Por Glênio S Guedes (advogado)


Comecemos pelo princípio, que, nestes tempos de amnésia crônica e adoração ao instante, convém sempre resgatar. A alcunha que ostentamos com indisfarçável orgulho, sapiens, não nos foi outorgada por acaso. A raiz latina sapere transita, com invejável fluidez, entre o "ter sabedoria" e o "ter gosto". O ser humano, em sua concepção original, é a criatura que saboreia o mundo, que mastiga a realidade objetiva para dela extrair o sumo do significado. Eis a semântica em seu estado puro. Contudo, em um capricho da história que faria sorrir os céticos mais empedernidos, a espécie que se define pelo primor do discernimento parece, hoje, obstinada em terceirizar o próprio paladar.

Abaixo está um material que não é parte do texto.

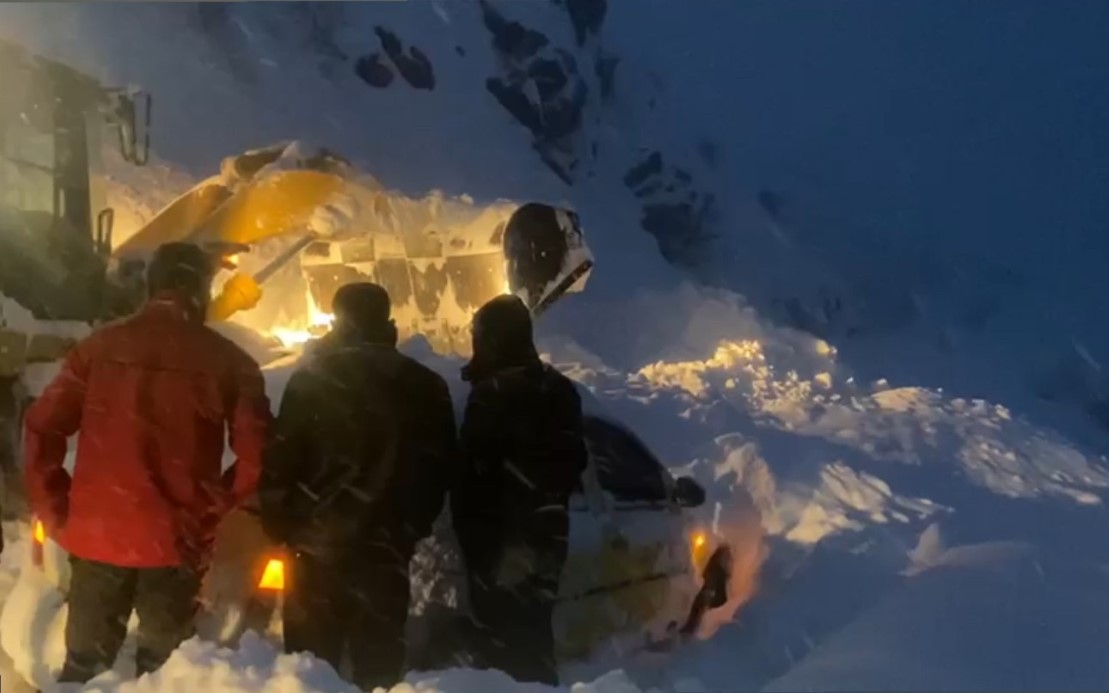 Şemdinli’de çığ altında can pazarı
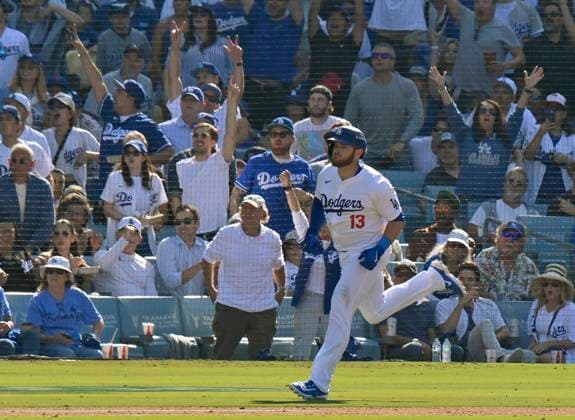 Los Angeles Dodgers Max Muncy runs the bases after hitting a solo home run in the fifth inning against the New York Mets in game two of the MLB, Baseball Herren, USA NLCS at Dodger Stadium in Los Angeles on Monday, October 14, 2024. LAP20241014808 JIMxRUYMEN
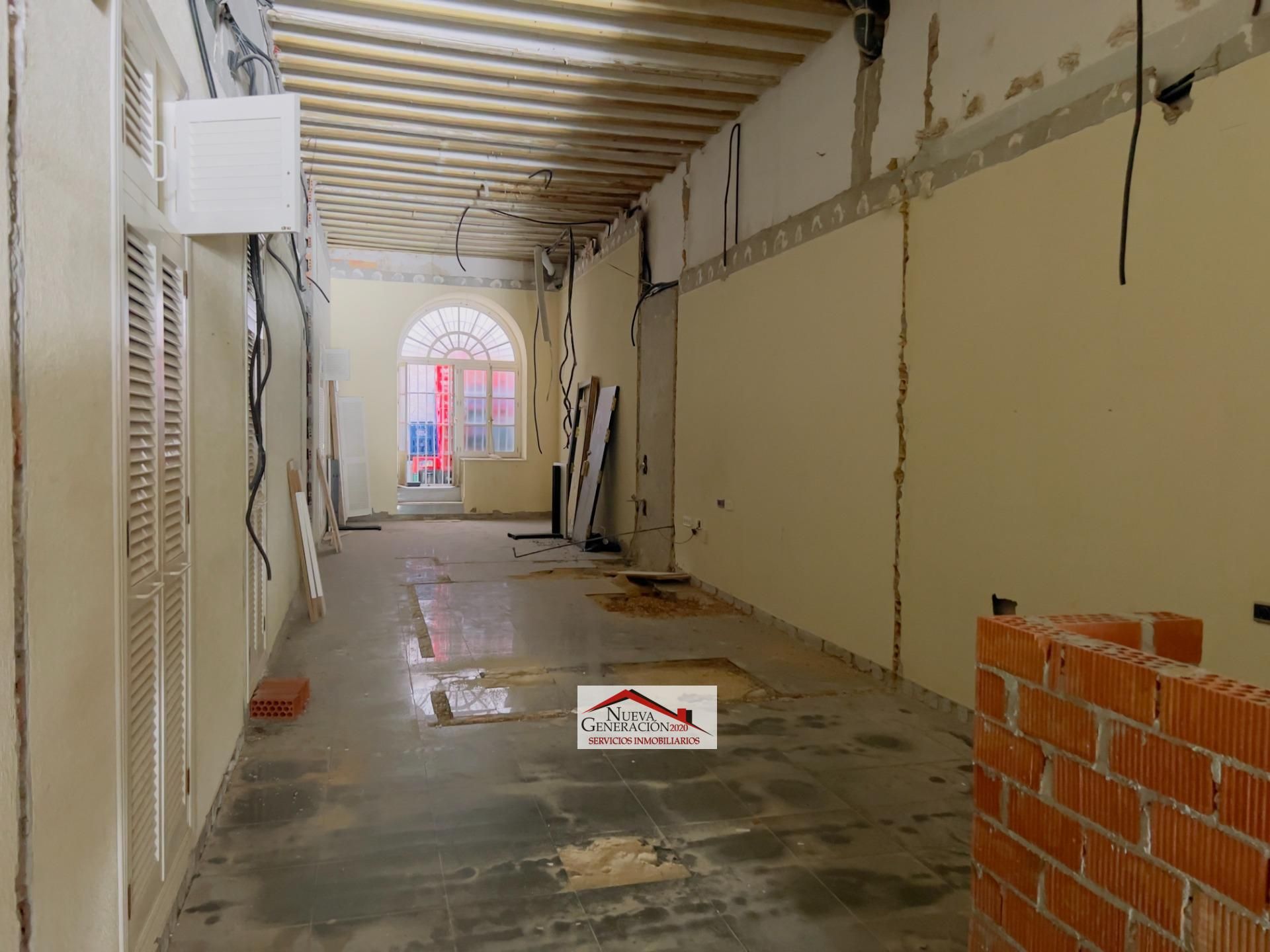 Premises for sale in San Fernando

No proscênio desta era de maravilhas — ou de emburrecimento voluntário, a depender da lente da conveniência —, ergue-se o formidável e pálido construto da Inteligência Artificial Generativa (IAG). Como adverte a pesquisadora Lucia Santaella, em seu artigo fundacional sobre a ética tecnológica, sofremos coletivamente de uma "mania do presentismo", agindo como se essa tecnologia houvesse brotado de um vácuo no tempo e no espaço. Cegos pelo ineditismo, ignoramos que a IAG é o cume provisório de uma longa marcha científica, que transitou da IA simbólica (baseada em lógicas e representações abstratas) para o conexionismo das redes neurais, culminando no triunfo do aprendizado profundo. Não há mágica; há, isto sim, o cômputo inexorável de oceanos de dados.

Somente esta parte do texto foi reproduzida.